TASK GOAL — In the material below, pictures must be dropped. Repeat exactly, and only, the lines from the line with "121 Commons Ct, Wheeling, IL 60090" to the line with "Eintauchen ins Land", both ends included.

DATASET CONTENT —
______
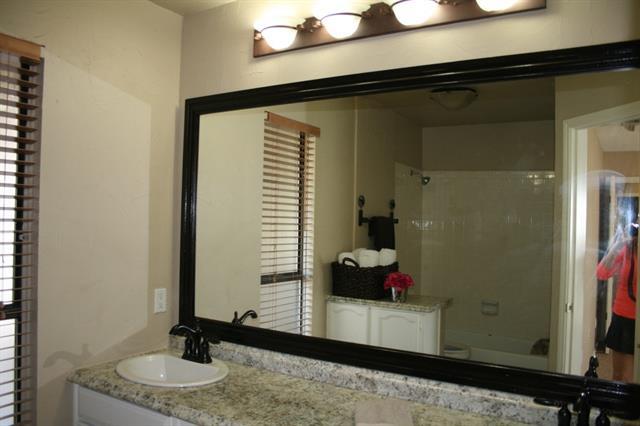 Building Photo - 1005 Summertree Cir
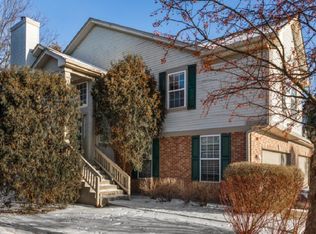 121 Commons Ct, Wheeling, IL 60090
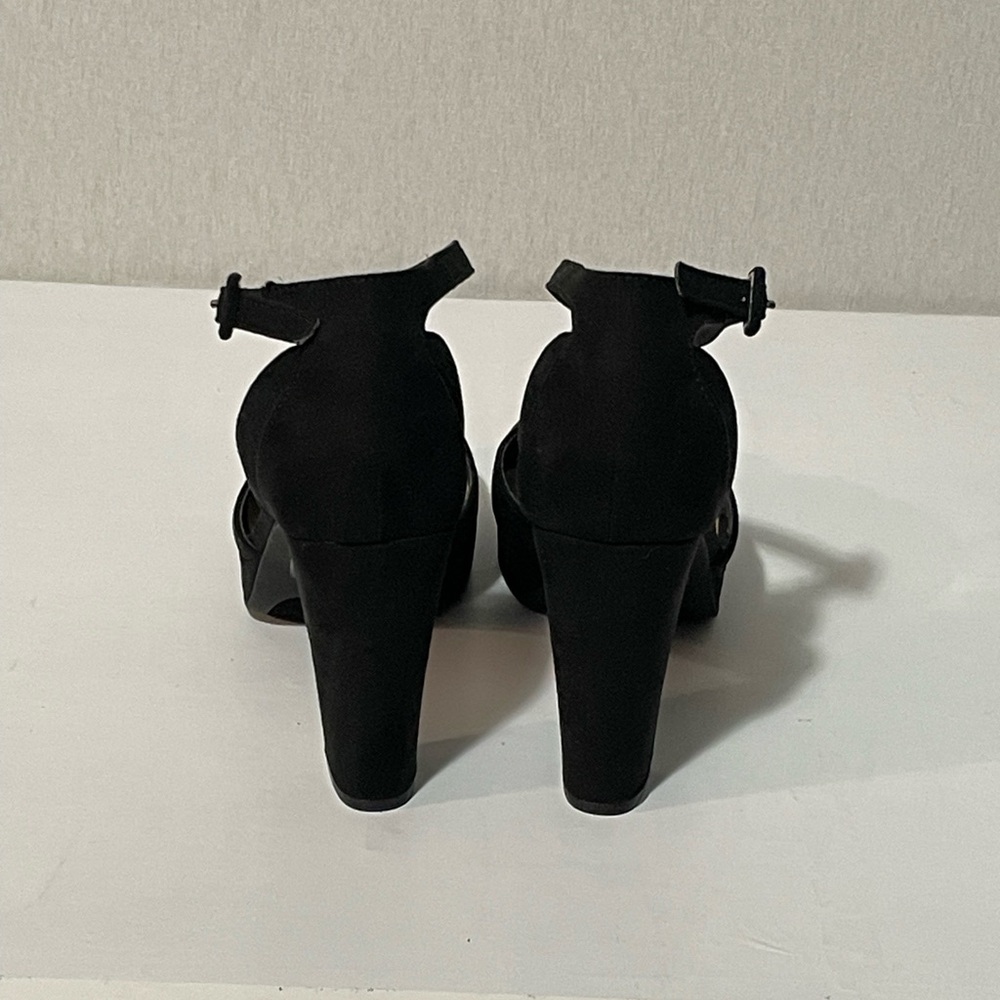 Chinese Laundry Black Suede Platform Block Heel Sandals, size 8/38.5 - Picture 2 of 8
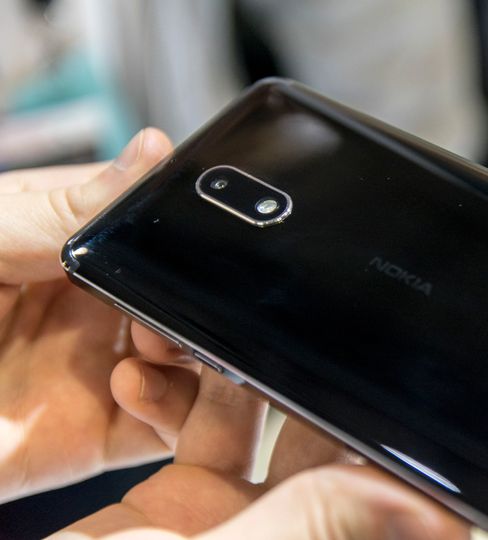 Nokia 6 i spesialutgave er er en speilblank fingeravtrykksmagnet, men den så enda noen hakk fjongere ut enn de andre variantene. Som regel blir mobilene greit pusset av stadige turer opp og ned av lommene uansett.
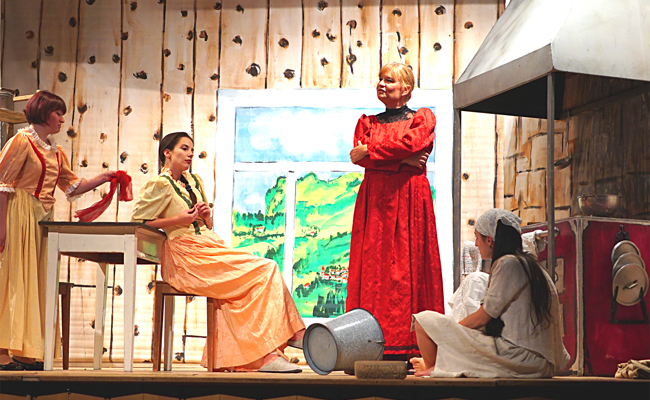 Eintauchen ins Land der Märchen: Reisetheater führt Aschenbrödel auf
______
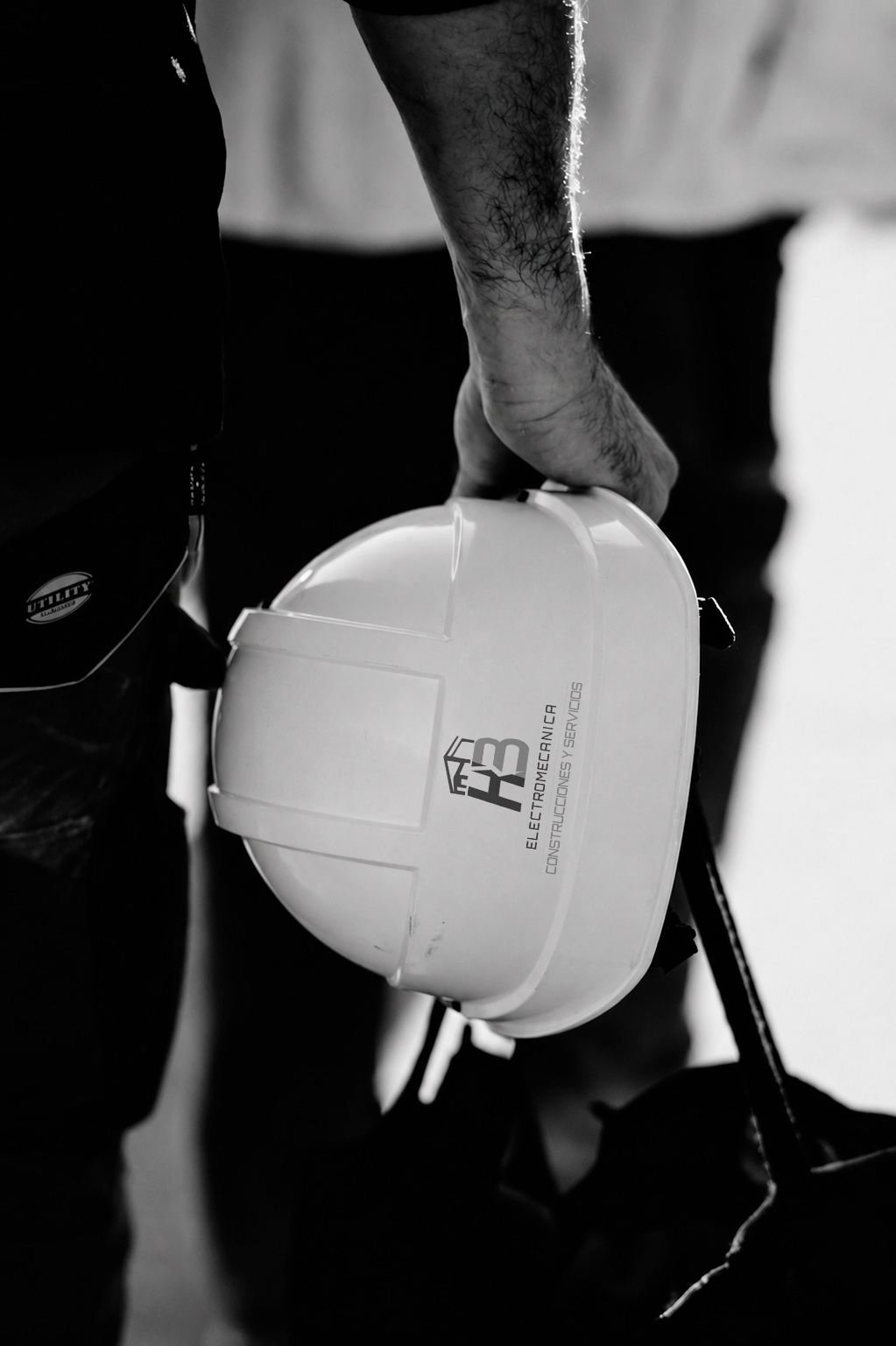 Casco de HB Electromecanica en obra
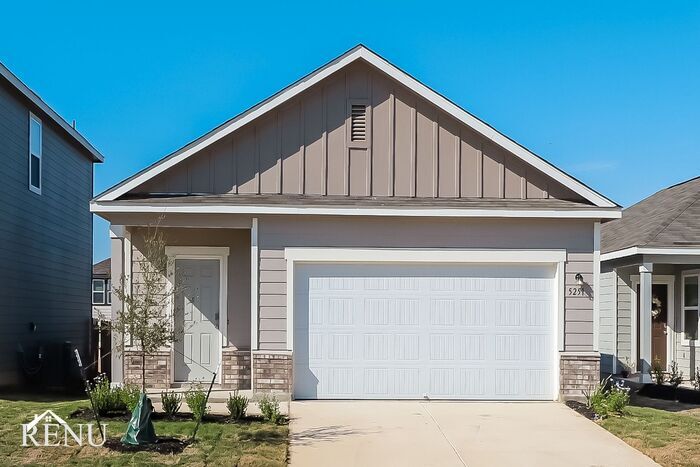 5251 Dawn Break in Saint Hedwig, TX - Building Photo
______
EXERCISE RESPONSE —
 121 Commons Ct, Wheeling, IL 60090
 Chinese Laundry Black Suede Platform Block Heel Sandals, size 8/38.5 - Picture 2 of 8
 Nokia 6 i spesialutgave er er en speilblank fingeravtrykksmagnet, men den så enda noen hakk fjongere ut enn de andre variantene. Som regel blir mobilene greit pusset av stadige turer opp og ned av lommene uansett.
 Eintauchen ins Land der Märchen: Reisetheater führt Aschenbrödel auf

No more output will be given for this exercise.